Spend time purposefully to identify areas of failures in your systems like-
- Identify the working set of your memory at average loads, peak loads, set thresholds for monitoring.
- Identify performance bottlenecks, devise methods to free up those bottlenecks; usual suspects are Queues, Caches, DB in a concurrent environment. Devise elastic solutions to scale up these areas if needed.
- Identify critical areas of your solution, strengthen your code, add code to profile, measure, and build redundancies around it.
- Simulate these failures and test if your contingencies really work when needed.
- In events of failure affecting business continuity, make sure you have a fallback plan B. (may be an existing system)
- Account for external failures, HW crashes, Network glitches, router malfunctions.
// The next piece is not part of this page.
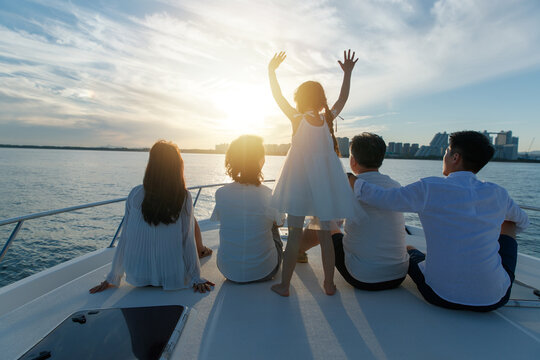 Happy family aboard a yacht out to sea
Build backup systems – data backup, Disaster recovery (hot or cold recoveries)
- Account for security attacks Malware, Denial of Service, SQL injections, open ports, weak passwords, un-obfuscated application signatures, etc – plan and execute mitigation strategies, security code reviews, security testing, external security software, etc.
You don’t get a second chance to reproduce errors in live environments and capture logs & diagnostics.
You should have a hot switch to toggle any settings while the system is in progress. Changing the settings, in the settings file and restarting systems is never an option since systems at this scale take a huge amount of time to restart and again warm-up; forget about reproducing the same state of components again.
It helps to have interfaces that allow toggling of settings while the system is up and running. This is a huge help in diagnosis (by getting selective verbose dumps of components, caches, etc), exactly when needed.
Building a high-performance and massively scalable system needs more than just a good design and architecture. The entire team needs to eat-drink-sleep performance and scalability.
The above practices have helped our team phenomenally to not only meet but also beat the performance and scalability targets, not once but multiple times.
These are some key learnings, from our journey in achieving the stiff performance SLAs that we had set out for.
Would love to see any additions to this list, based on your first-hand experiences.